Goal of the exercise
In the listing beneath this line, copy exactly the lines starting with the one containing "Braunkehlchen im Flug — Foto: Maraike Storm" and going on through the one containing "cardinal flower".

Source information
┄┄┄┄┄┄

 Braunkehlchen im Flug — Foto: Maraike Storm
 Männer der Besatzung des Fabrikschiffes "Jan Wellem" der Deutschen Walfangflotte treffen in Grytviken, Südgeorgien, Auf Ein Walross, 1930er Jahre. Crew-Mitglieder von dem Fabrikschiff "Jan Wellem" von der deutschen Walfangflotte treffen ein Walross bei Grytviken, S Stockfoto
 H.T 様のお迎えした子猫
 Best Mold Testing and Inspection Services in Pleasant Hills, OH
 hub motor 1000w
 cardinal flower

┄┄┄┄┄┄

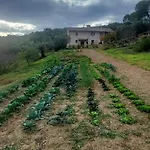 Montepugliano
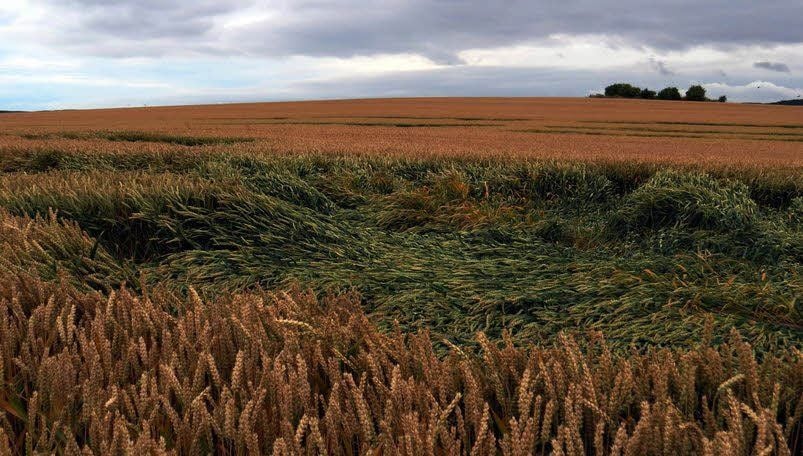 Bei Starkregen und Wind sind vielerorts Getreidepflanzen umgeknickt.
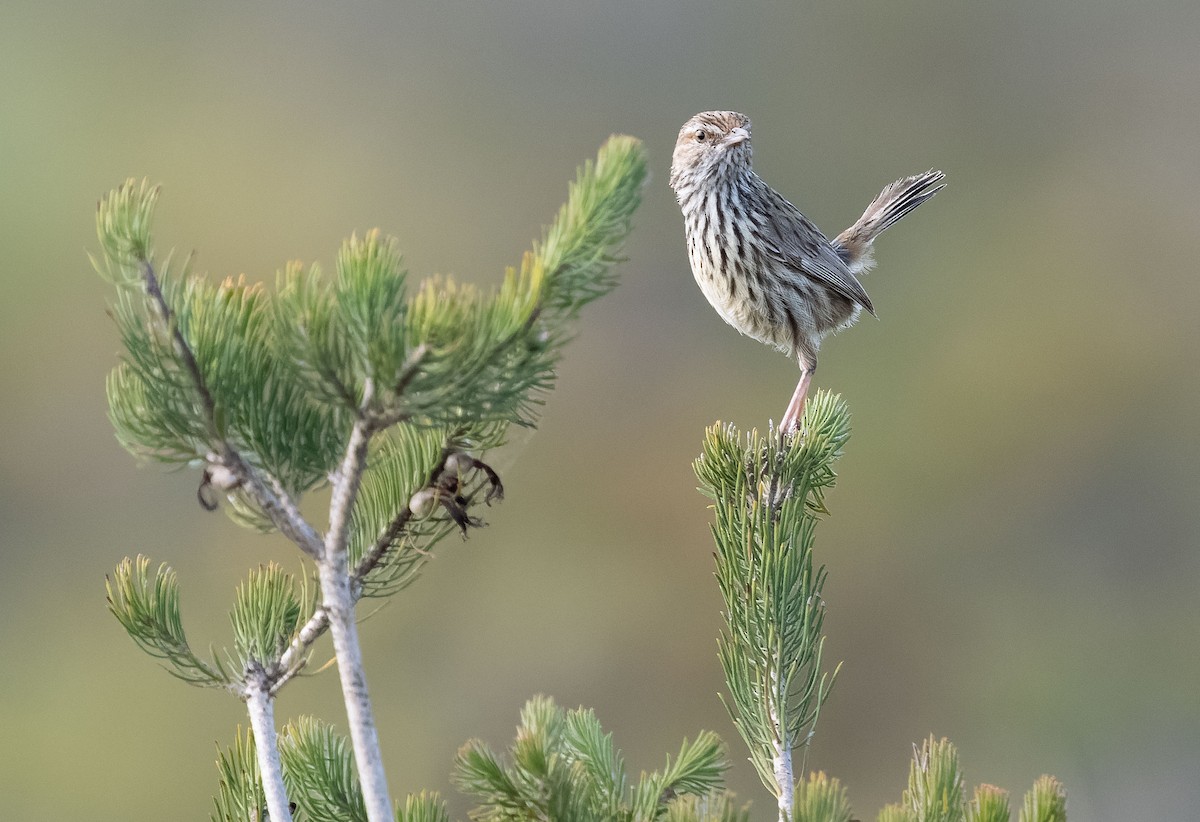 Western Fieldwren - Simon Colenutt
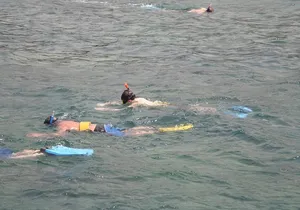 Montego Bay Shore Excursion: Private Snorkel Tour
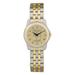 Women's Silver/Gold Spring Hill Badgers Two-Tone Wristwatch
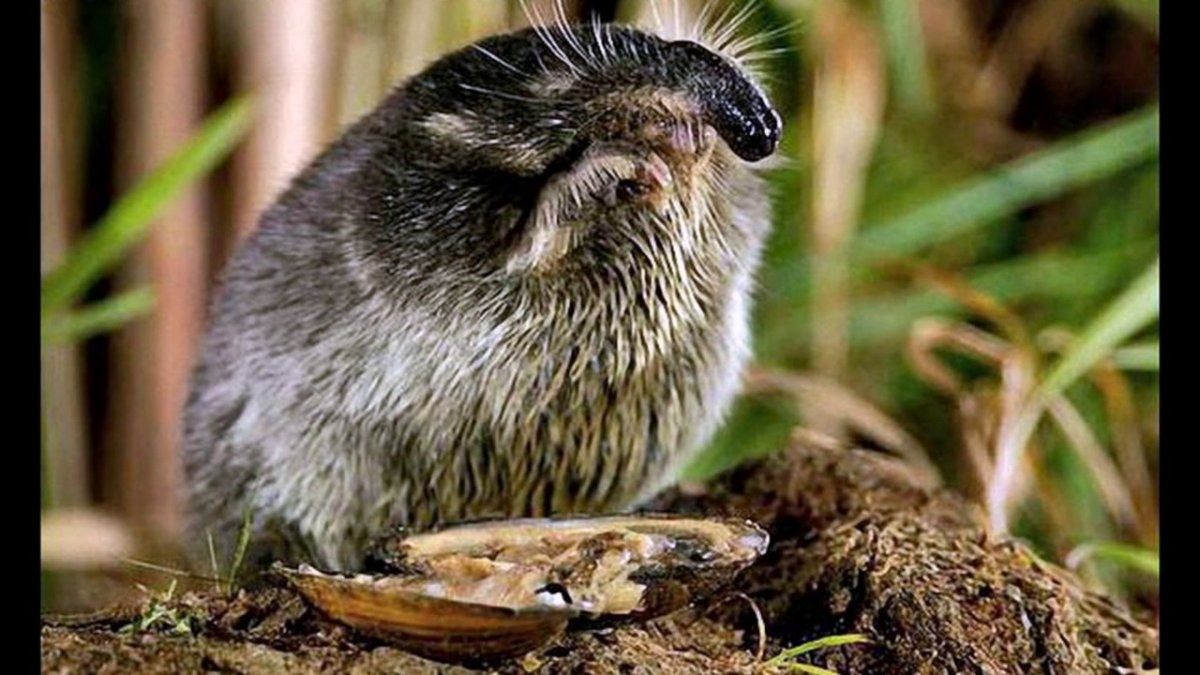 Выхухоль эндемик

┄┄┄┄┄┄

Task answer
 Braunkehlchen im Flug — Foto: Maraike Storm
 Männer der Besatzung des Fabrikschiffes "Jan Wellem" der Deutschen Walfangflotte treffen in Grytviken, Südgeorgien, Auf Ein Walross, 1930er Jahre. Crew-Mitglieder von dem Fabrikschiff "Jan Wellem" von der deutschen Walfangflotte treffen ein Walross bei Grytviken, S Stockfoto
 H.T 様のお迎えした子猫
 Best Mold Testing and Inspection Services in Pleasant Hills, OH
 hub motor 1000w
 cardinal flower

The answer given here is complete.